== Exercise brief ==
Wherever a picture sits, omit it. Output the rest of the listing exactly.

== Given data ==
*** Begin section ***

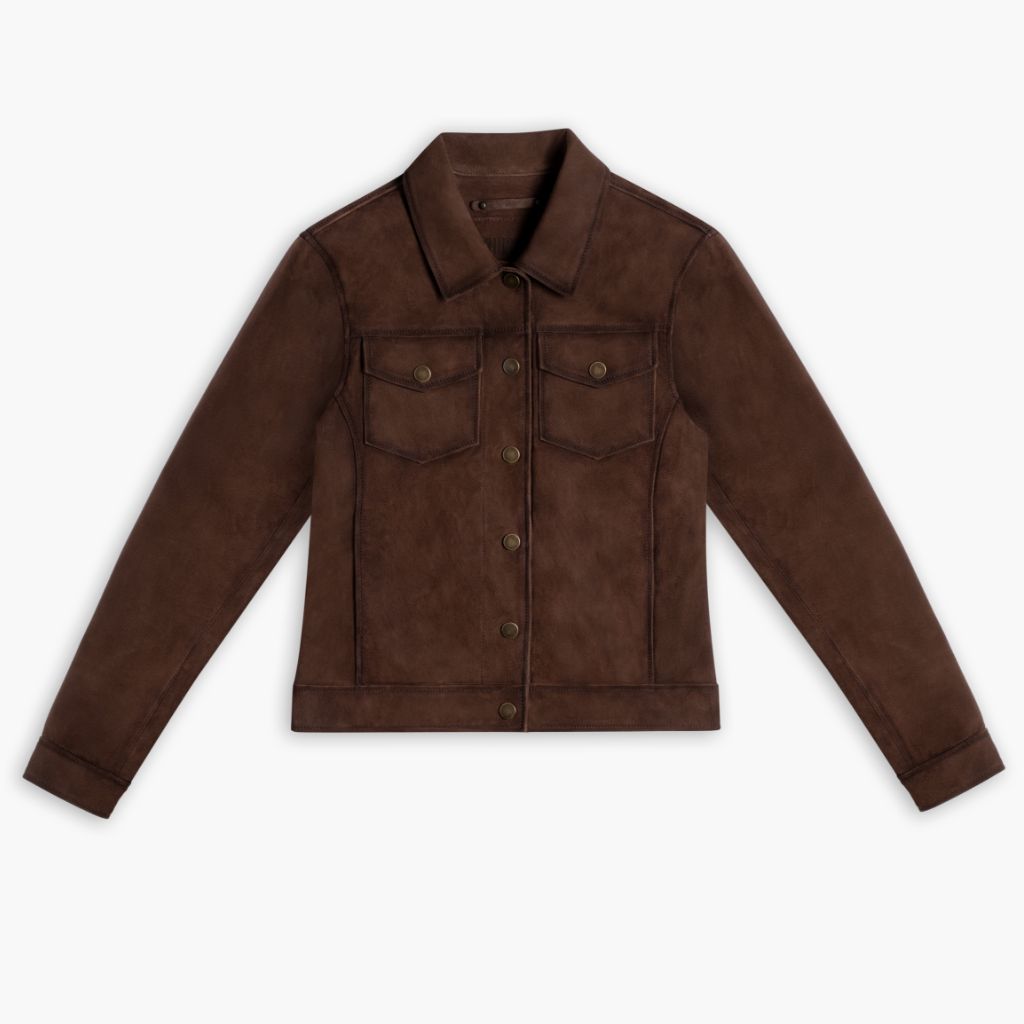 Suede Western Jacket | Brown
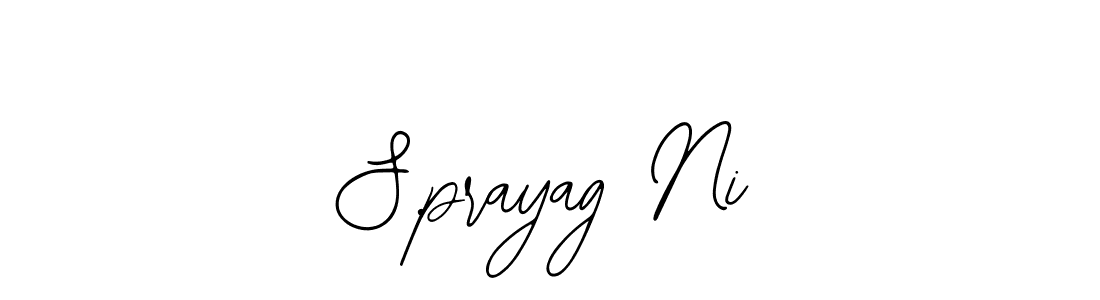 Make a beautiful signature design for name S.prayag Ni. With this signature (Bearetta-2O07w) style, you can create a handwritten signature for free. S.prayag Ni signature style 12 images and pictures png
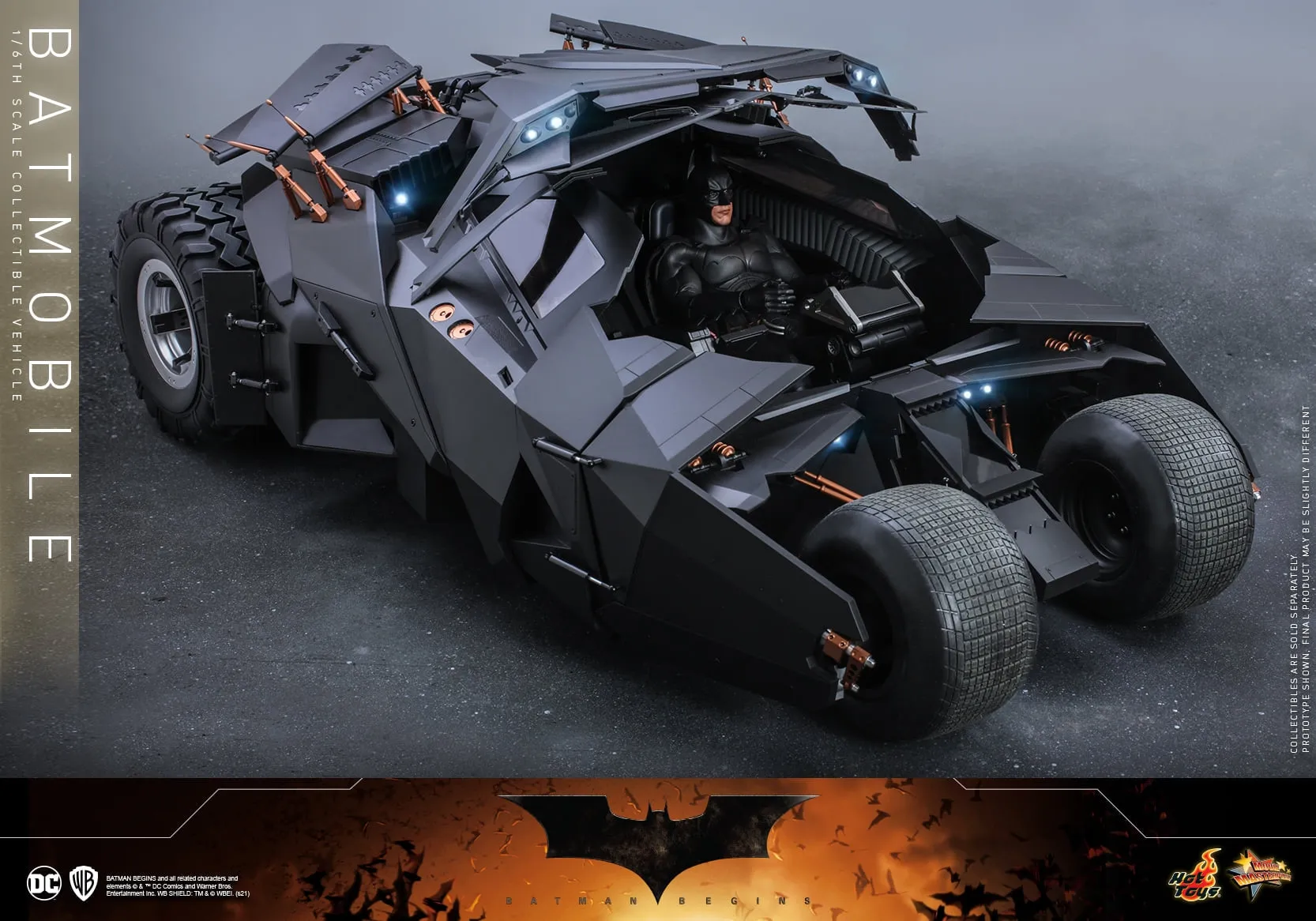 Hot Toys - MMS596 - Batman Begins - 1/6th scale Batmobile Collectible Vehicle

*** End section ***

== Response ==
 Suede Western Jacket | Brown
 Make a beautiful signature design for name S.prayag Ni. With this signature (Bearetta-2O07w) style, you can create a handwritten signature for free. S.prayag Ni signature style 12 images and pictures png
 Hot Toys - MMS596 - Batman Begins - 1/6th scale Batmobile Collectible Vehicle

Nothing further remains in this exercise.